# yt624 battery dead



## chaulky45 (Jan 23, 2014)

Colby, ever have an ignition problem, went out today my battery was dead on the yam 624, now when I 1st got it 3 weeks ago I noticed that the led light was faintly coming on and off some times with key off, so I used to just unplug the ignition switch when done with the blower, last night I left it plugged in and today battery was dead, took 5 mins for it to recharge, as of now dont see and flicking of the led light, I took the ignition switch right off this morning and theres no cover or anything over the back of it,all open on back ,wires and solder points look dirty and corroded already, cleaned it up with a tooth brush put it back on and see what happens, I put some tape on the back to cover it up ,not sure why they would leave a switch exposed to the open for water and dirt to get in with out sealing it ,not sure if thats the problem, I went through all the wires to see if any wires were broken or loose right on down to the battery cant find anything,


----------



## Coby7 (Nov 6, 2014)

Was it a new machine you bought? Mine is also open in the back but I have no corrosion. Snow alone will not make it corrode but maybe EOD mixture might. Did you check your work where you tapped in when you installed your lights. Are you sure you are not exceeding the stator current specs? You should get a battery minder.


----------



## chaulky45 (Jan 23, 2014)

Coby7 said:


> Was it a new machine you bought? Mine is also open in the back but I have no corrosion. Snow alone will not make it corrode but maybe EOD mixture might. Did you check your work where you tapped in when you installed your lights. Are you sure you are not exceeding the stator current specs? You should get a battery minder.
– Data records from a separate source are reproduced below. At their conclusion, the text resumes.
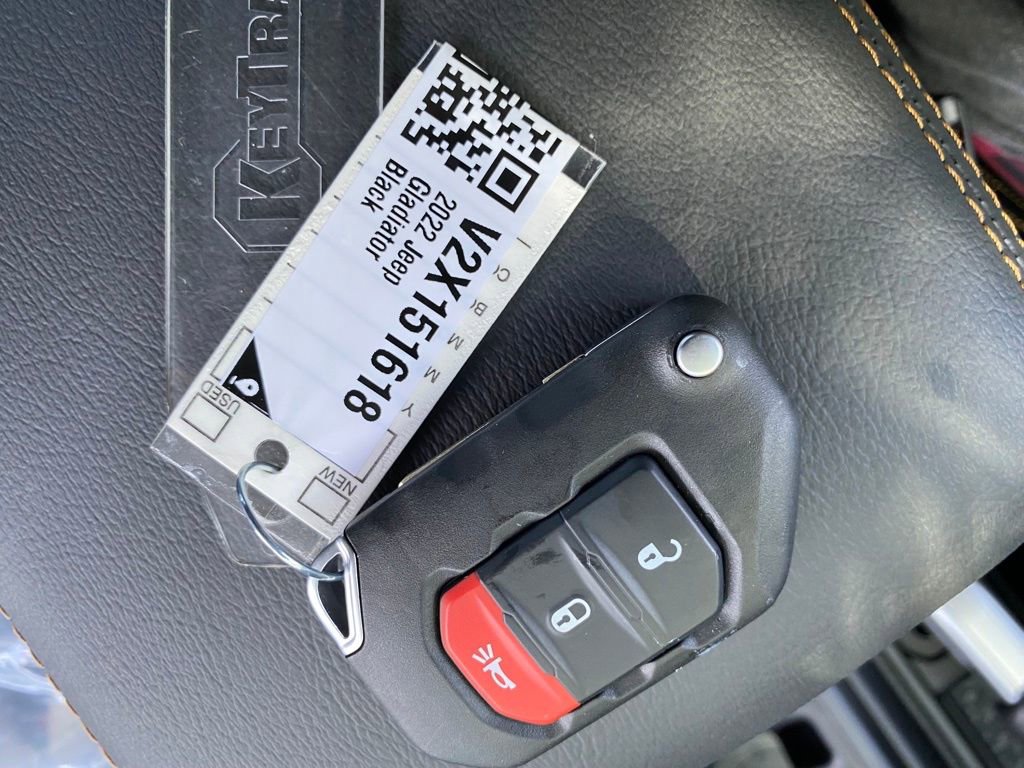 Used 2022 Jeep Gladiator Overland image 40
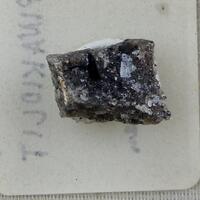 Pinakiolite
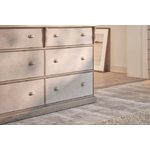 grande-commode-patine-vieillie-flamant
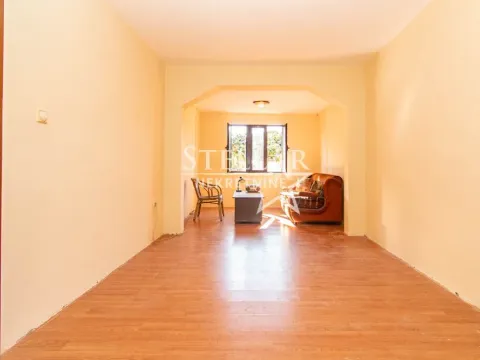 Prodaja,  kuća, 85m2, Tološi, Podgorica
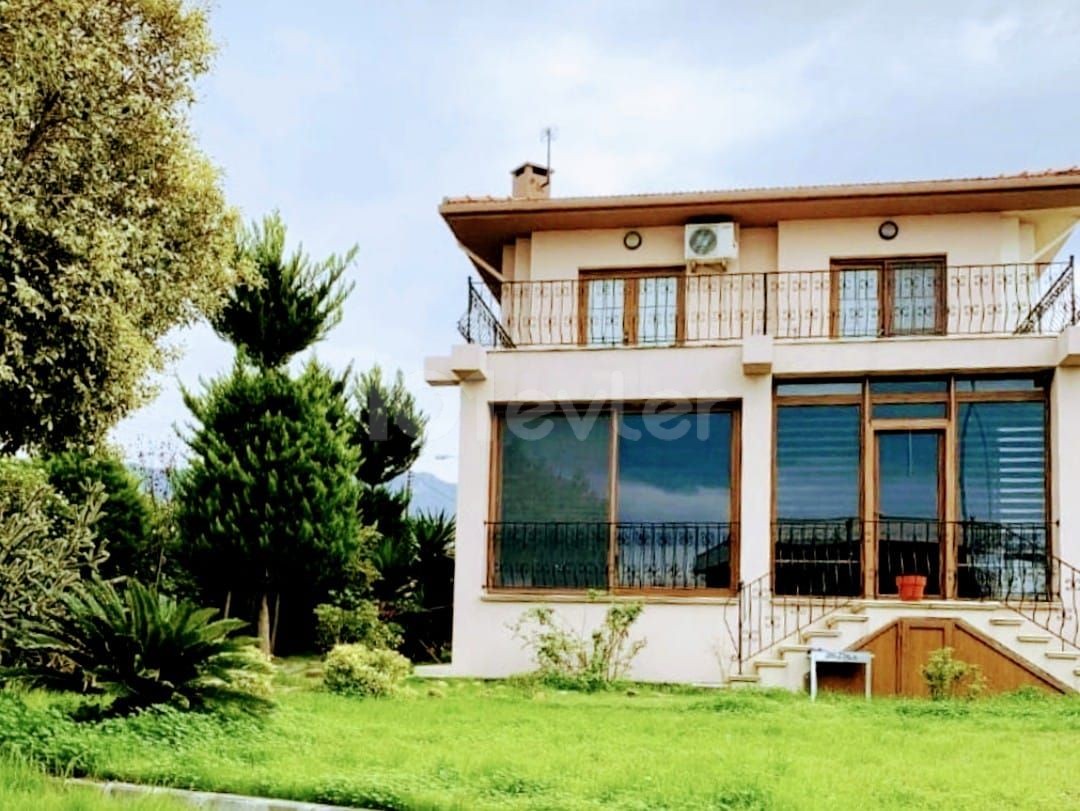 Girne Catalkoy; Deniz Manzaralı, Full Esyali , Bahceli Villa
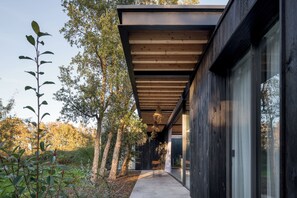 Exterior detail - Casa Pisangan - architect-designed house with swimming pool (Soustons)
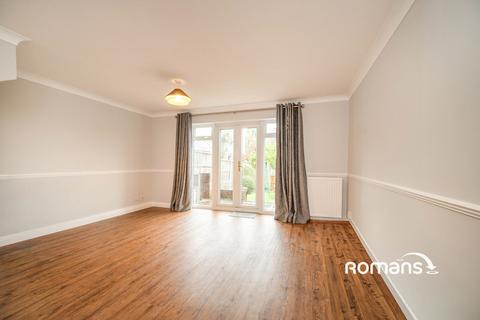 3 bedroom terraced house to rent, Ryves Avenue, Yateley, Hampshire, GU46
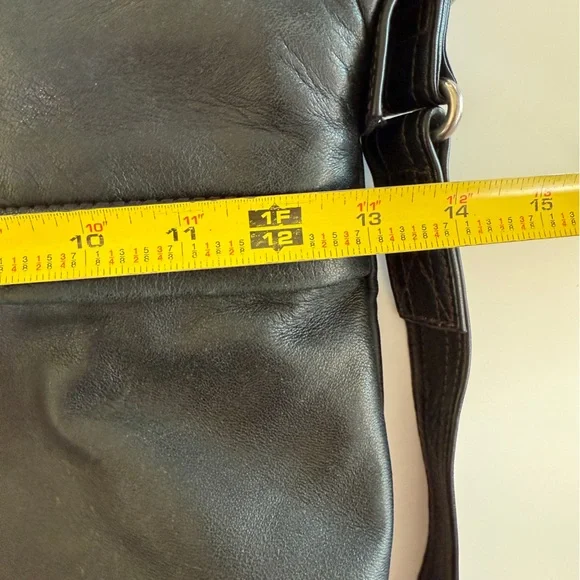 Rough and Tumble Leather Crossbody Bag - Picture 4 of 7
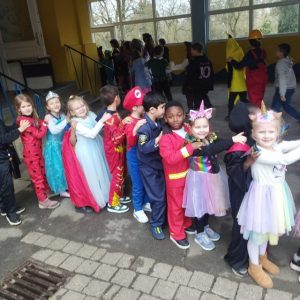 0ff0a932-2c5b-42c7-8823-6fcb8e418c81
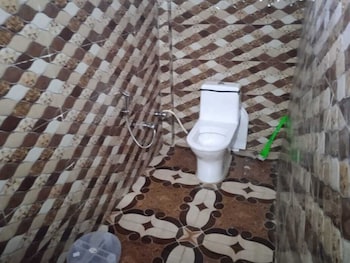 shri narayan tourist lodge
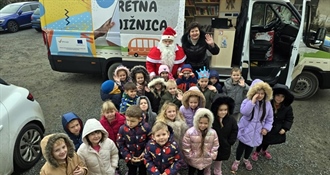 Novomarofski Božićni bibliobus i Djed Mraz donose osmijehe i knjige mališanima!
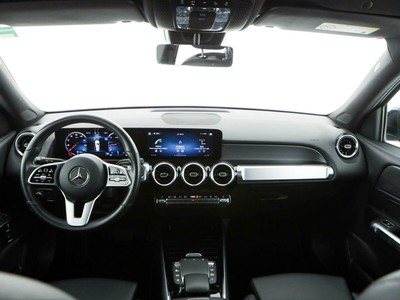 Mercedes GLB - foto 9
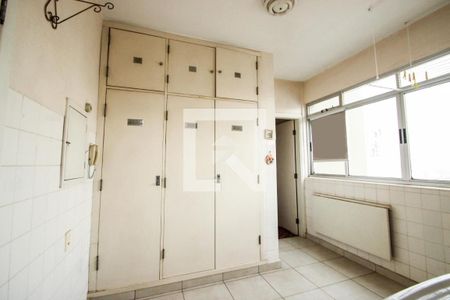 Apartamento à venda com 4 quartos, 177m² em Cambuí, Campinas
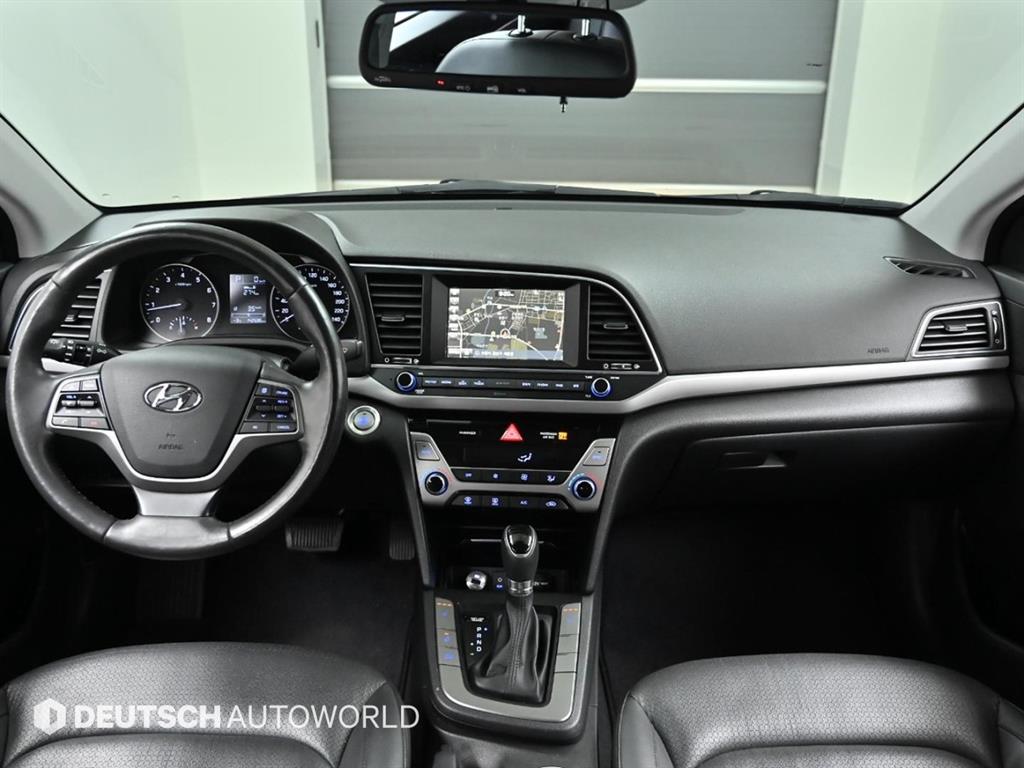 HYUNDAI Avante - Vista 7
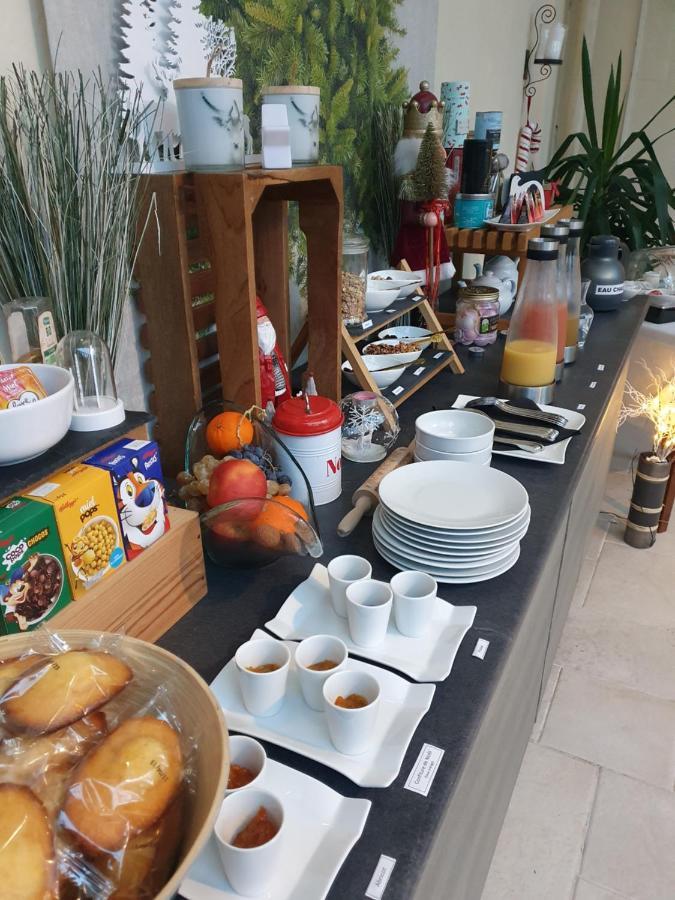 H De Surgeres Bed and Breakfast Buitenkant foto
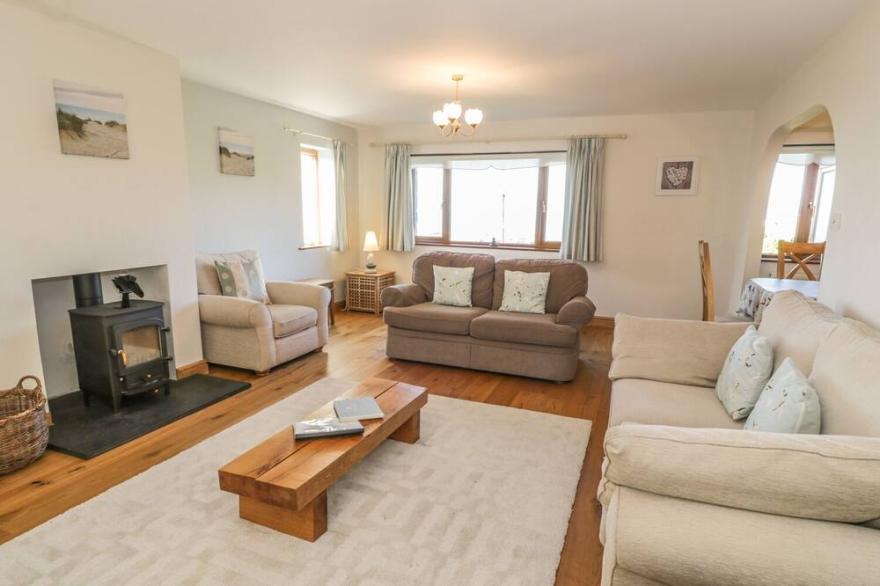 AWEL Y LLAN, family friendly, character holiday cottage in Llanfair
It was like it when I got it the same day, shes brand new, before any other lights were put on, I have been out ever hour since this morning checking and starting it up, seems fine for now but I'll find out after its left overnight, what do you mean EOD mixture


----------



## Coby7 (Nov 6, 2014)

EOD _*End Of Driveway*_ snow mixed with road salt.


----------



## chaulky45 (Jan 23, 2014)

Coby7 said:


> EOD _*End Of Driveway*_ snow mixed with road salt.


oh lol, ok, For now, today the blower started fine, no dead battery so I'm thinking it had all to do with the ignition switch being open with no cover on the back open to all the water, salt ect and a bit of corrosion keep the power on just a little with key being turned off, the lights are not faintly flickering anymore, switch is cleaned up and taped on the back, see how it goes


----------